Nel Regno delle Due Sicilie non circolavano banconote, cioè quella carta-moneta stampata ed emessa da una Banca Centrale privata, bensì solo monete metalliche aventi un proprio valore intrinseco, il cui conio e la cui emissione venivano curate esclusivamente dalla Reale Zecca dello Stato borbonico.

All’avvento di Carlo di Borbone al Trono di Napoli, nel 1734, l’unità monetaria di base era il ducato, una massa di argento del peso di gr. 22 circa e contenente 9/10 di fino e 1/10 di lega (rame).

Il ducato si divideva in 10 carlini, ognuno dei quali composto da 10 grani, ognuno dei quali da 12 cavalli.

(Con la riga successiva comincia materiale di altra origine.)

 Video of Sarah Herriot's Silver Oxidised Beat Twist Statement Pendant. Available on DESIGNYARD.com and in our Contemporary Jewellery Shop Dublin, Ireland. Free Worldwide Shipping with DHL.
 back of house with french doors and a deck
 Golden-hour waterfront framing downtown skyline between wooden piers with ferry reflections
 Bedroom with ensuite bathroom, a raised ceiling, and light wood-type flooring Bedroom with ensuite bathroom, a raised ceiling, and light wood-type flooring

Il ducato esisteva anche come moneta d’oro, anche se non veniva più coniato dal 1649, per quanto riguarda la coniazione di piccole monete auree, vi erano multipli del ducato d’oro, cioè il 2, il 4, ed il 6 ducati, al titolo di 21¾, cioè con circa 906 millesimi di fino. Il 6 ducati fu chiamato anche oncia napoletana, per distinguerlo dalle once di Sicilia, in quanto queste avevano metà del peso, e quindi del valore, di quelle napoletane.

Per la monetazione argentea, vi erano la coniazioni di grandi pezzi in argento: le piastre (gr. 25, 61) del valore di 12 carlini, o 120 grani, e mezze piastre da 60 grani, occorre inoltre ricordare i carlini ed i mezzi carlini del valore di 5 grani, per quanto concerne infine la monetazione di rame, si coniarono la “pubblica”, o 3 tornesi, il grano o 12 cavalli, il 9 cavalli, il tornese o 6 cavalli, il 4 cavalli ed il 3 cavalli.

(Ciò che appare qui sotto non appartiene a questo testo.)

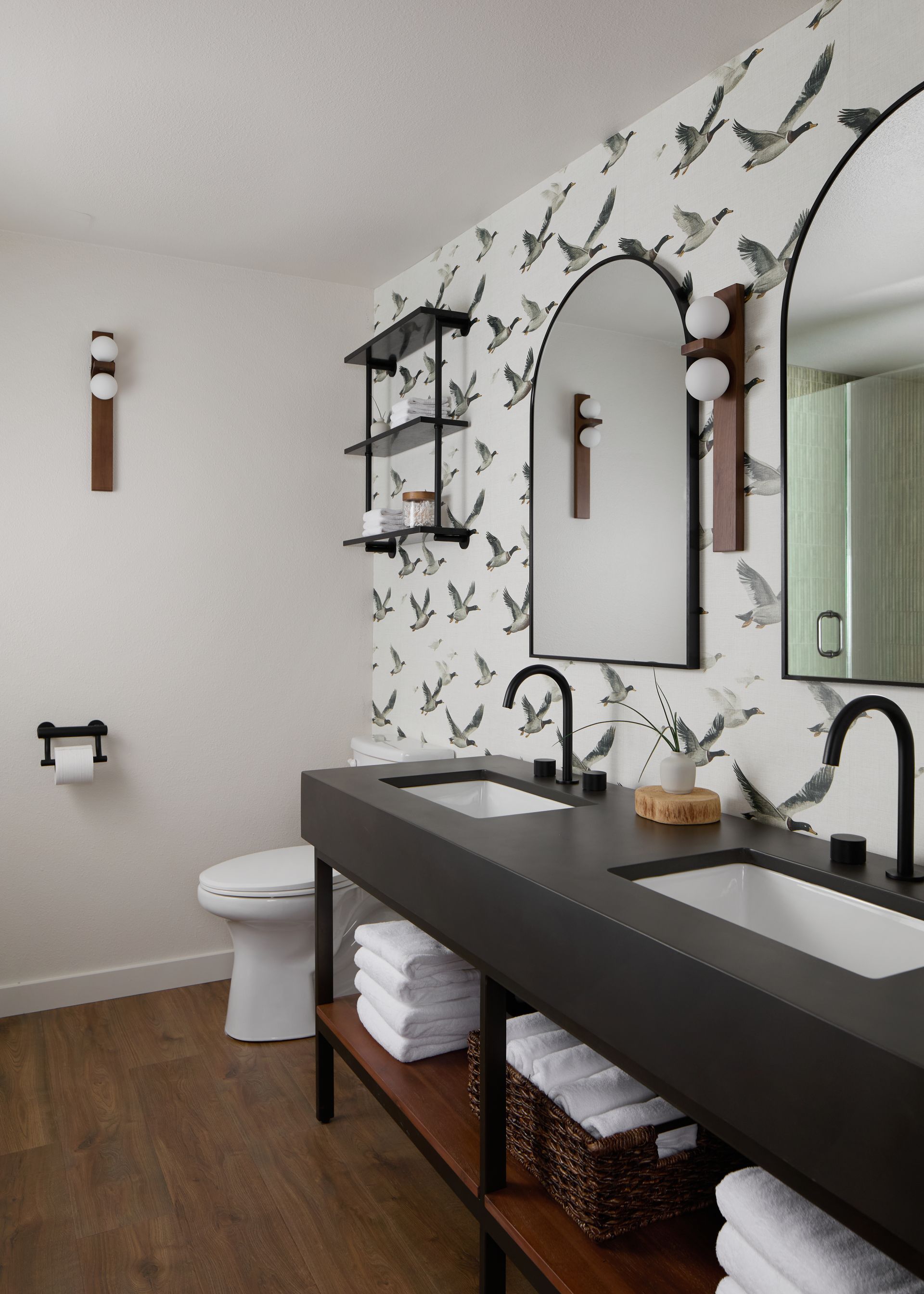 Modern bathroom with black double vanity, mirrors, butterfly wallpaper, and toilet on the left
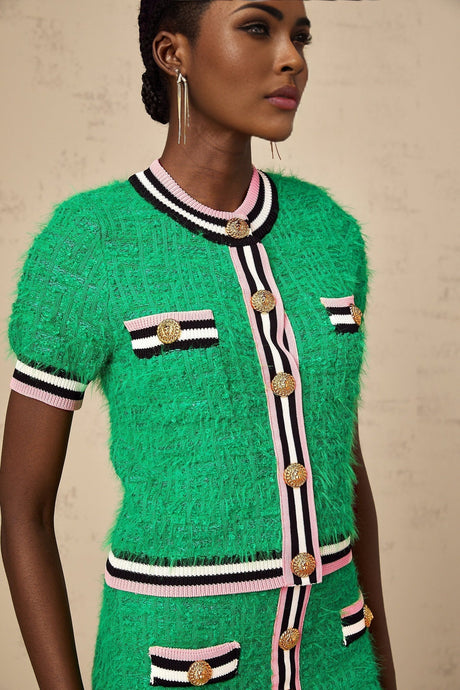 Young woman wearing a green knitted crop top and matching midi skirt set standing against a plain background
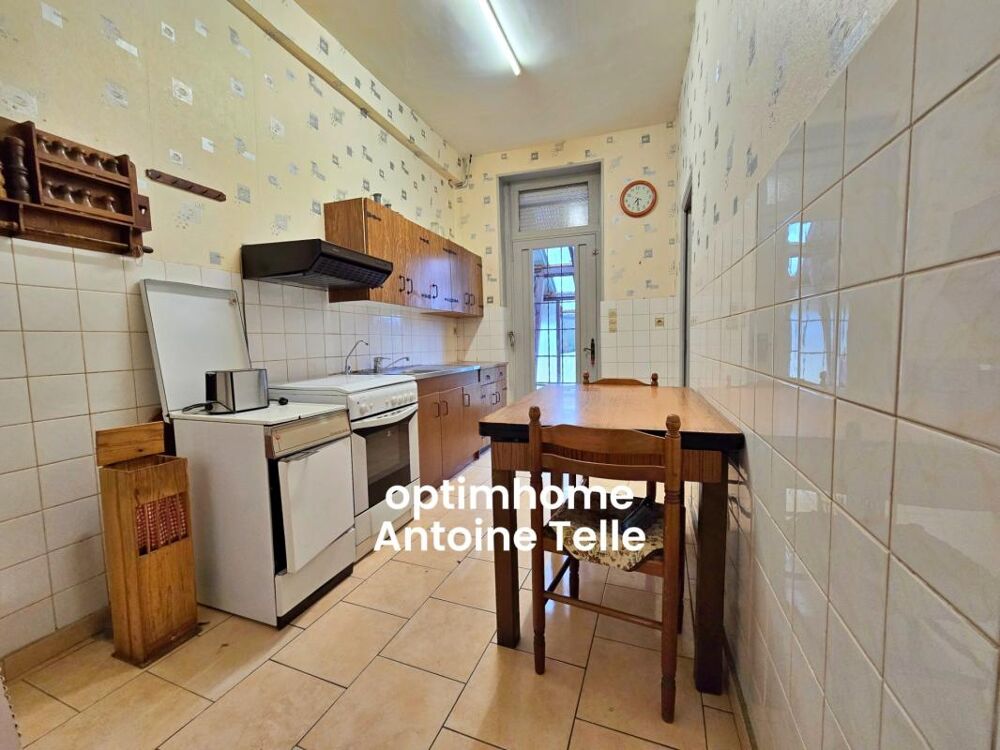 Le Cateau - Maison semi-individuelle à double accès avec garage, devanture & jardin clos sur 960m²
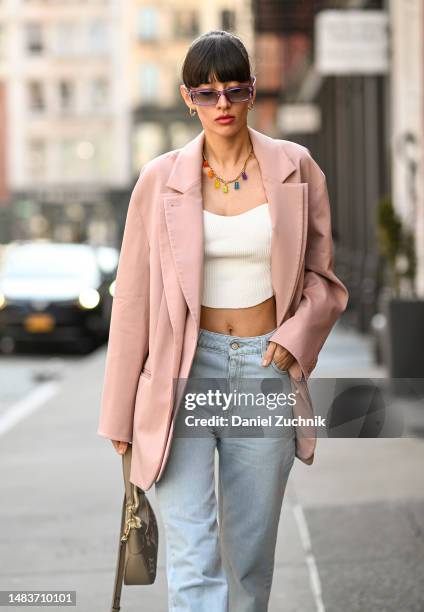 Katya Tolstova is seen wearing Tibi oversized jacket, MVP Wardrobe high-waisted denim palazzo pants, Crystal Haze nostalgia bear necklace, Louis...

A seguito della unificazione dei Regni di Napoli e di Sicilia nel Regno delle Due Sicilie, Ferdinando I di Borbone, con la legge del 20 aprile 1818 nr. 1176, emanò alcune direttive che uniformarono il sistema monetario nei territori continentale ed insulare dello Stato, con la quale veniva abolito il rapporto legale fra le monete nei tre metalli, e che stabiliva come unità di base del sistema monetario il ducato d’argento, corrispondente a gr. 22,94 al titolo di 833/1000, ossia con 5/6 di fino e 1/6 di lega. Le future monete d’oro avrebbero avuto solo corso fiduciario e dovevano essere coniate con oro quasi puro, e precisamente al titolo di 996/1000. Si riconosceva inoltre valore nominale alle monete introdotte dalla Repubblica Partenopea e dal Murat.

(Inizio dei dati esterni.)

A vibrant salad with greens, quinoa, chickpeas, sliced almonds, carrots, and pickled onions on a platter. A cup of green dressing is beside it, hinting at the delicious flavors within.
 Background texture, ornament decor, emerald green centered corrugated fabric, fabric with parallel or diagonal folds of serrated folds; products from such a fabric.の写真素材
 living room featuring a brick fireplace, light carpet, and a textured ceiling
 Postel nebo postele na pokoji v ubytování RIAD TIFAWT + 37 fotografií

La nuova monetazione venne, quindi, così articolata:

1 ducato = 10 carlini = 100 grani (a Napoli) o baiocchi (in Sicilia).

1 grano = 2 tornesi = 10 cavalli (a Napoli) o piccioli (in Sicilia).

Le monete napoletane si dividevano, com'era in uso all'epoca, in tre grandi categorie: d'oro, d'argento e di rame.

Erano d'oro: lo Zecchino da due Ducati, la doppia da quattro Ducati e l'oncia da sei Ducati. Ferdinando II coniò un pezzo d'oro da tre Ducati, una quintupla da quindici Ducati ed una decupla del valore di trenta Ducati.

Tra le monete d'argento aveva limitata circolazione il Ducato da cento Grana; la piastra da 120 Grana era la più diffusa. Ferdinando IV, tra il 1784 e 1785 aveva fatto coniare anche il mezzo Ducato d'argento da 50 Grana, ma era più diffusa la mezza piastra d'argento da 60 Grana. Vi erano poi il Tarì da venti Grana, il Carlino da dieci Grana ed il mezzo Carlino da cinque Grana.

Tra le monete di rame, invece, la Pubblica da tre Tornesi, il Grano da due Tornesi, il Tornese ed il Tornese e mezzo o nove Cavalli, il tre Cavalli o mezzo Tornese. Vi erano anche pezzi da 8, 10, 6, 5 e 4 Tornesi, sempre in rame e sempre del periodo di Ferdinando IV.